In the lumbar region fibers of the deep lamina derive from the interspinous ligaments. They attach to the iliac crest and more cranially to the lateral raphe, to which the internal oblique is attached. In some specimens, fibers of the deep lamina cross to the contralateral side between L5–S1. In the depression between the median sacral crest and the posterior superior and inferior iliac spines, fibers of the deep lamina fuse with the fascia of the erector. More cranial, in the lumbar region, the deep lamina becomes thinner and freely mobile over the back muscles. In the lower thoracic region fibers of the serratus posterior inferior muscle and its fascia fuse with fibers of the deep lamina.

Kinematics

The study presented here confirms some previous studies and disagrees with others. The bilaminar structure of the posterior layer of the thoracolumbar fascia has been described by Fairbanks, and O’Brien (1980), Gracovetsky (1990), Macintosh and Bogduk (1986), Bogduk and Macintosh (1984),and Bogduk and Twomey (1987). They describe the orientation of the fibers of the superficial and deep lamina as, respectively, caudomedial and caudolateral. The present study confirms the orientation of the laminae and their attachments. It is noteworthy that according to most studies (Fairbanks & O’Brien 1980; Bogduk & Macintosh 1984; Bogduk & Twomy 1987) the latissimus dorsi is mentioned as the significant structure from which fibers of the superficial lamina originate. The gluteus maximus as origin for the formation of the superficial fascia is ignored. Bogduk and Macintosh (1984) state that fibers located caudally from L3 decussate to the contralateral site, although it was not possible to trace the precise origin of these fibers because of strong fusion to midline structures. The present study confirms the phenomenon of crossing fibers. The level of the crossing varies from L2–S2. In contrast to the study of Bogduk and Macintosh, no connections were found between the serratus posterior inferior and the superficial lamina: Its fascia is exclusively connected to the deep lamina.

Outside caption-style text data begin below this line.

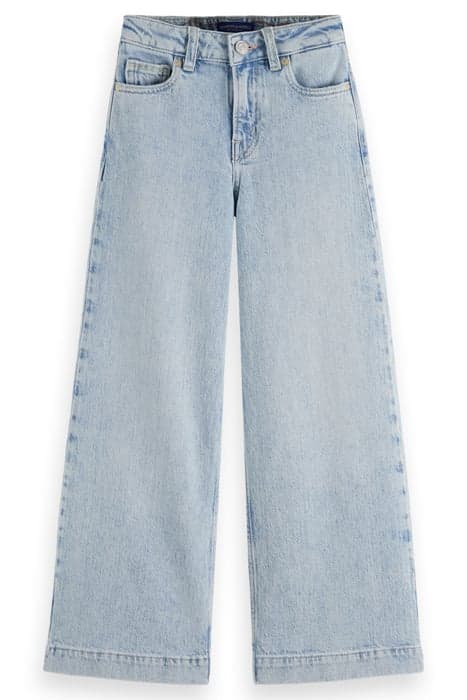 THE WAVE HIGH-RISE WIDE JEANS - HIGH TIDE by Scotch & Soda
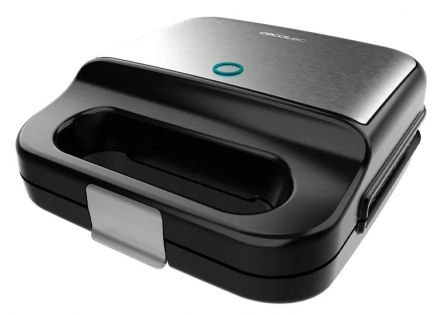 Мультімейкер Cecotec Rock'nToast 4in1 Black (CCTC-04309)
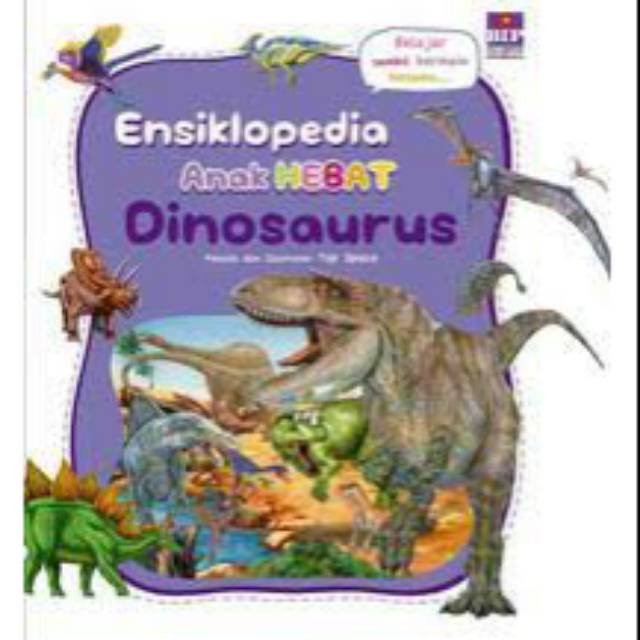 Buku Dinosaurus Anak - KibrisPDR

Bogduk and Macintosh (1984) and Bogduk and Twomeny (1987) describe the deep lamina as a structure consisting of bands of collagen fibers extending from the lumbar spinal processes to the iliac crest and lateral raphe. However, we can not confirm the existence of bands of collagen fibers; we find a continuous layer. The authors pay no attention to the sacral part of the deep lamina. As a consequence, the connections with the sacrotuberous ligaments are omitted. Therefore the biomechanical model as proposed by Bogduk and Twomey (1987) is incomplete. The bracing effect of the thoracolumbar fascia on the lower lumbar spine and SI joints, essential for proper load transfer between spine and legs (Snijders et al. 1993a,b), can only be adequately described if the caudal part of the thoracolumbar fascia is included.